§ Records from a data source

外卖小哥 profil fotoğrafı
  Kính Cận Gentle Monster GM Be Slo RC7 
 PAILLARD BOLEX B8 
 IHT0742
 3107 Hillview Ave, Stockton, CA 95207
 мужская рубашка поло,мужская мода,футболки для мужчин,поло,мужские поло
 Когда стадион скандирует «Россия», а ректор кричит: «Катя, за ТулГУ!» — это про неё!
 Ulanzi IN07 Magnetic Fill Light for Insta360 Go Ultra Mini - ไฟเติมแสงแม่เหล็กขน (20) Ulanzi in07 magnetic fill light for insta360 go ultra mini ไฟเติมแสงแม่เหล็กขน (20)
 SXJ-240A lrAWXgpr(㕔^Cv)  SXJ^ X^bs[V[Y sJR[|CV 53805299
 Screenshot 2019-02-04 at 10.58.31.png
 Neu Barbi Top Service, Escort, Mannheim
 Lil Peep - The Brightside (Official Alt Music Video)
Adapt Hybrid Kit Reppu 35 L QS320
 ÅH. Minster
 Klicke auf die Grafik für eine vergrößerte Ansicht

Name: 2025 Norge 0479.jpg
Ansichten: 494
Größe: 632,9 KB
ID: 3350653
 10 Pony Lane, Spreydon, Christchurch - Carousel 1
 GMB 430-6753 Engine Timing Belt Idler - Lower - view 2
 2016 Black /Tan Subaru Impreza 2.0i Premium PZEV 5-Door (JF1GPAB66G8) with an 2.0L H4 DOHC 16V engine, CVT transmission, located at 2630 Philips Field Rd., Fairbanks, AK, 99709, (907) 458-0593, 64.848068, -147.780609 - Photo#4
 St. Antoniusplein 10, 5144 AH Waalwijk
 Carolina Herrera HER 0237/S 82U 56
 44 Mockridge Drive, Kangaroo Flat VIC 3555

§ EXERCISE DETAILS
All that is needed is the line containing "Ansichten: 494" and each line after it to the end of the data above, set down exactly.

§ EXERCISE SOLUTION
Ansichten: 494
Größe: 632,9 KB
ID: 3350653
 10 Pony Lane, Spreydon, Christchurch - Carousel 1
 GMB 430-6753 Engine Timing Belt Idler - Lower - view 2
 2016 Black /Tan Subaru Impreza 2.0i Premium PZEV 5-Door (JF1GPAB66G8) with an 2.0L H4 DOHC 16V engine, CVT transmission, located at 2630 Philips Field Rd., Fairbanks, AK, 99709, (907) 458-0593, 64.848068, -147.780609 - Photo#4
 St. Antoniusplein 10, 5144 AH Waalwijk
 Carolina Herrera HER 0237/S 82U 56
 44 Mockridge Drive, Kangaroo Flat VIC 3555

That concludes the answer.